High Speed Shooting

High Speed Shooting

With Nigel G. Rowe

High Speed filming is shooting more frames per second, then slowing the motion down. 24 frames is the standard normal speed. Once you shoot more frames per second than that and play it back at 24 frames you slow the motion down

Slow motion is useful to study events to that are impossible observe with the naked eye and to draw out the length of an action. Originating from military and scientific utilization, slow motion was mainly used to test the velocity on weapons ranging from firearms to ship cannons.

Pre digital, content was filmed mechanically by pulling strips of film in front of the gate. The physics would limit how fast you could actually go, usually shooting around 300 frames per second. Shooting slow motion with film would require massive amounts of light to to compensate for super fast frame rate. Would be very expensive due to the massive amount of film used. With the old photo sonic cameras the AC would grab the magazine with leather gloves to slow it down and save film.

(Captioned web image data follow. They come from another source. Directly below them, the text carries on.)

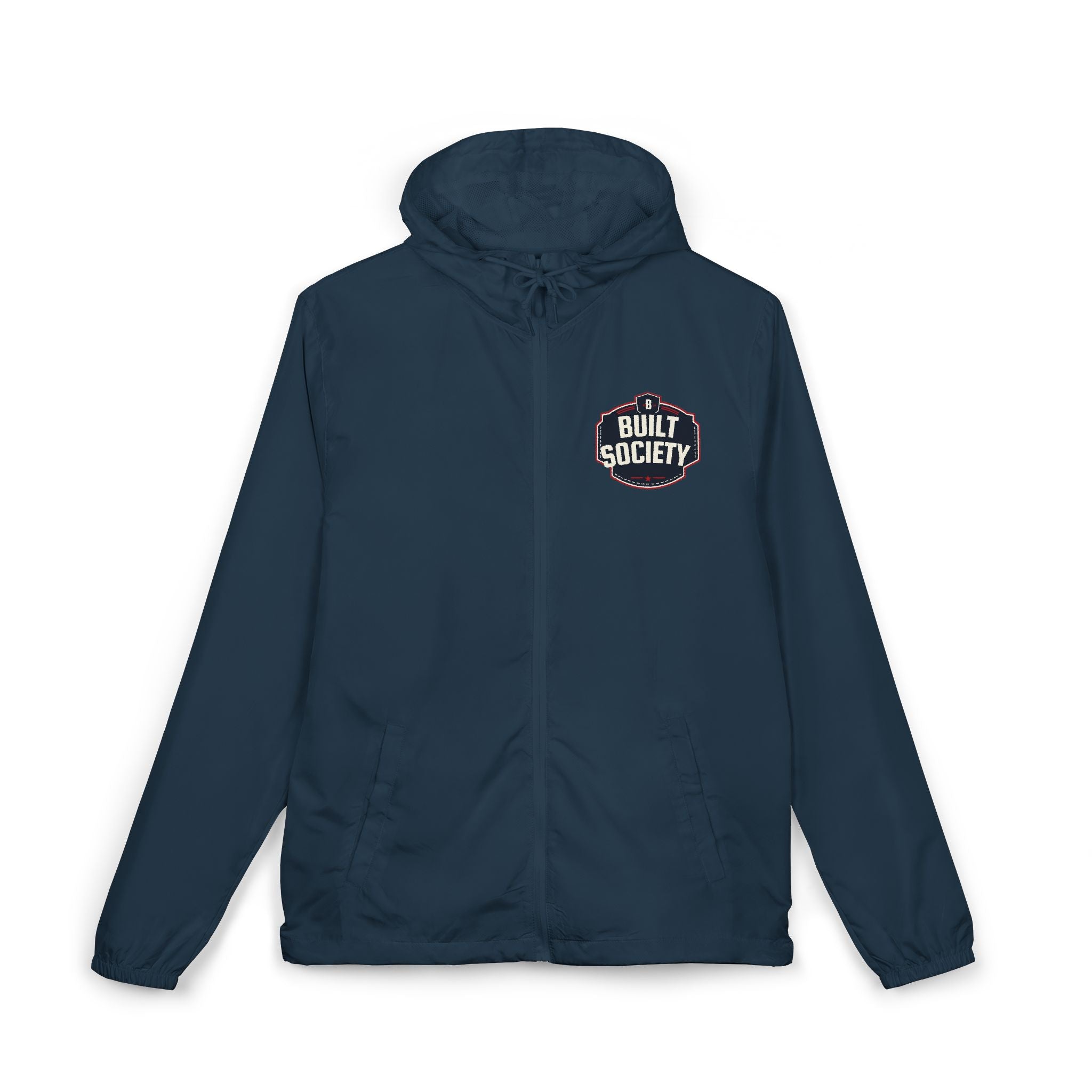Windbreaker Jacket — 'Built Society' Camo Full-Zip Hooded Windbreaker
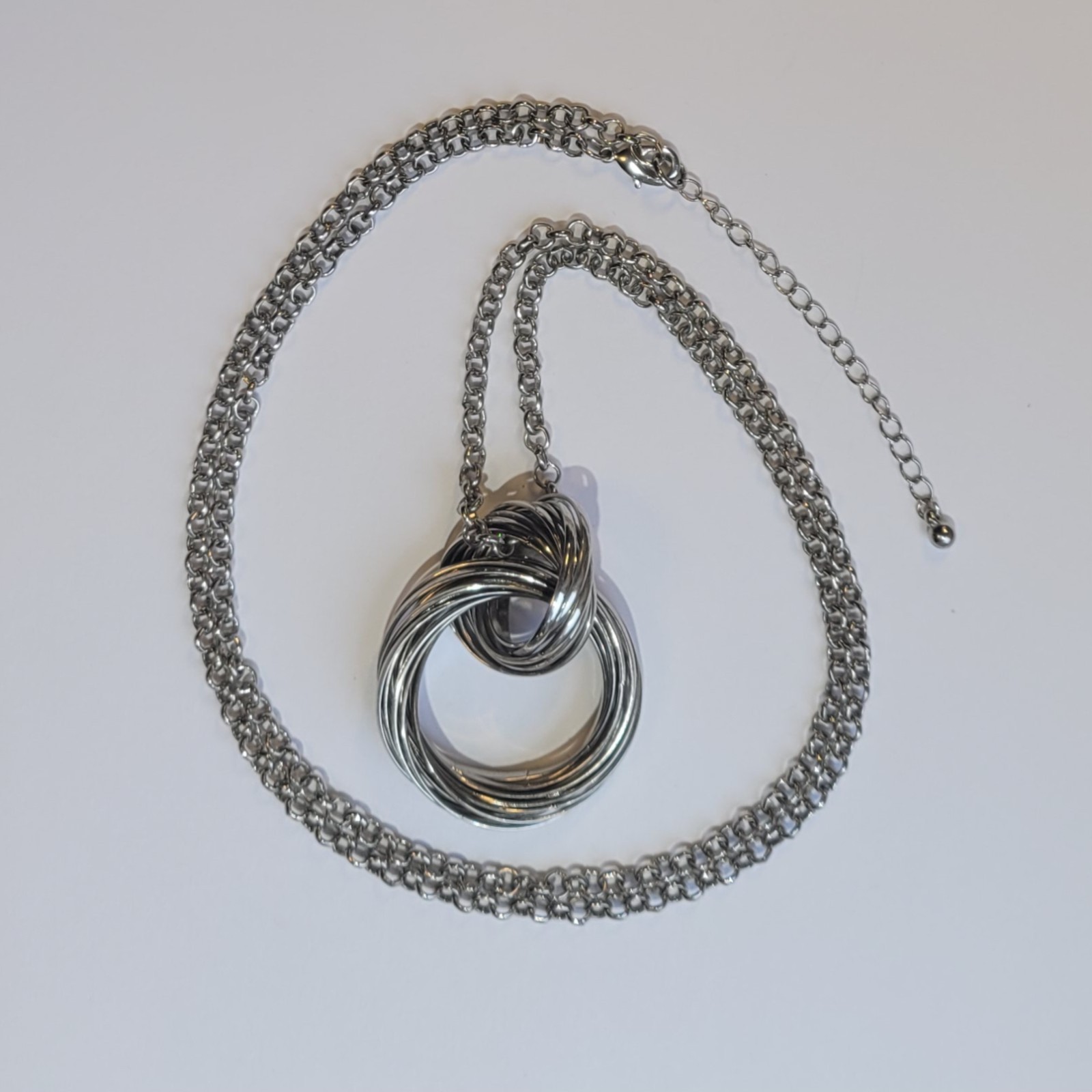 Mid Century Modern Intertwined Multi Ring Stainless Steel Pendant 36in Necklace
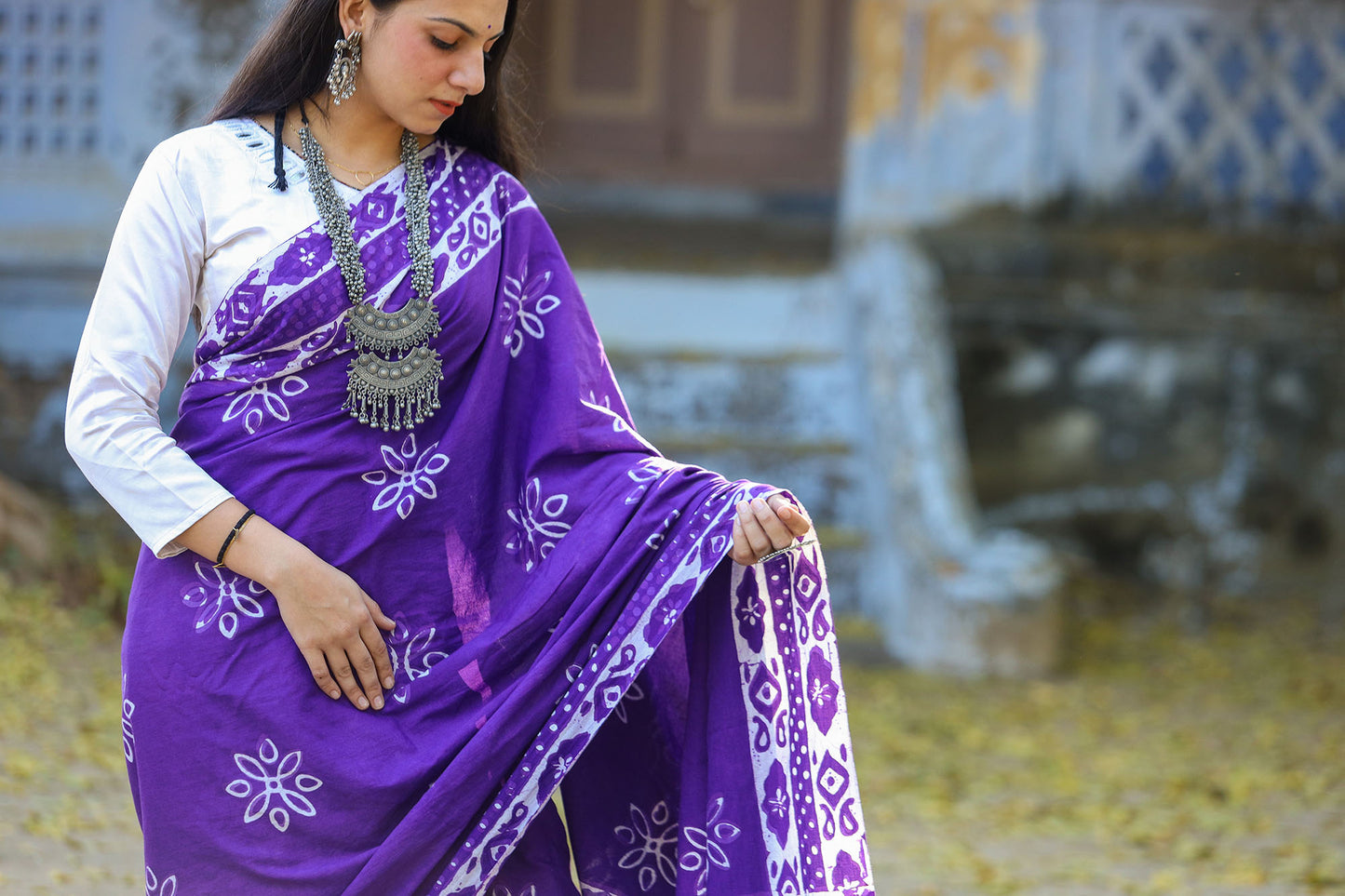 Pure Khadi Cotton Handwoven Purple Saree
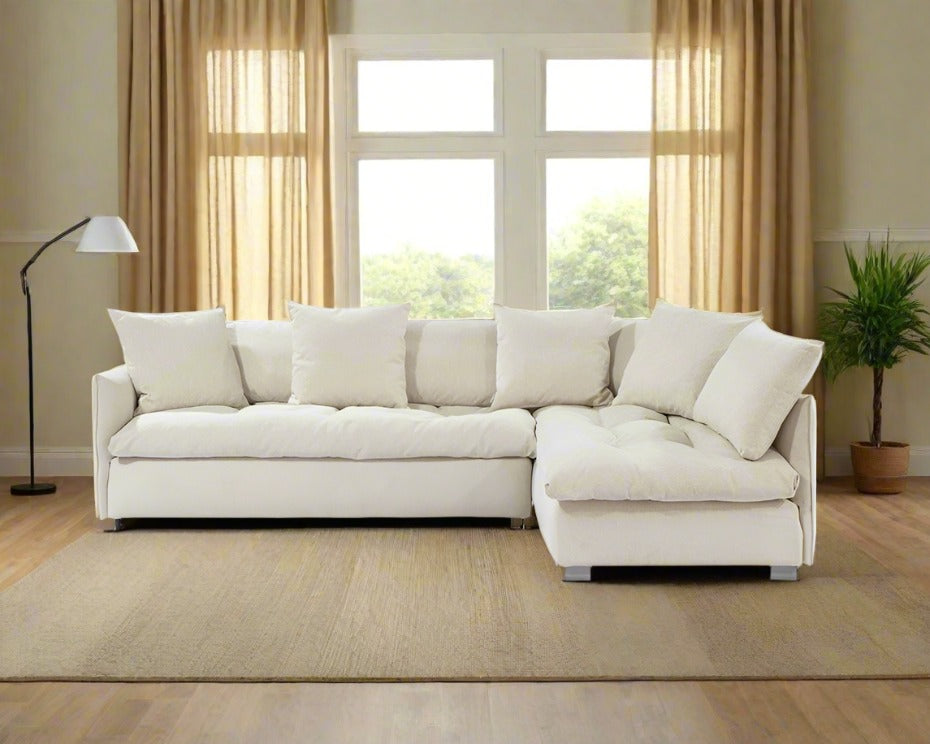 Monet On-Cloud Sectional Sofa L Shape Cozy Natural Tones (Large)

In the digital age, cameras like the Phantom can shoot at 1000 frames per second at 4K resolution. Much more media is utilized and can easily shoot multiple terabytes of footage, so you spend a lot of time reviewing takes.. One of the biggest mistakes people make is not preparing the data management requirements of high speed. People often are in the bad habit of not cutting enough when shooting digital which can create even more data. A D.I.T  (digital imaging technician) with a robust rig and adequate time scheduled to process the footage are crucial to avoiding significant overtime on the shoot day.

Shooting table top is a more cost effective today because the space and light required are much smaller and tidier. These smaller footprints are a great way to produce visual excitement in a much simpler and tamed environment.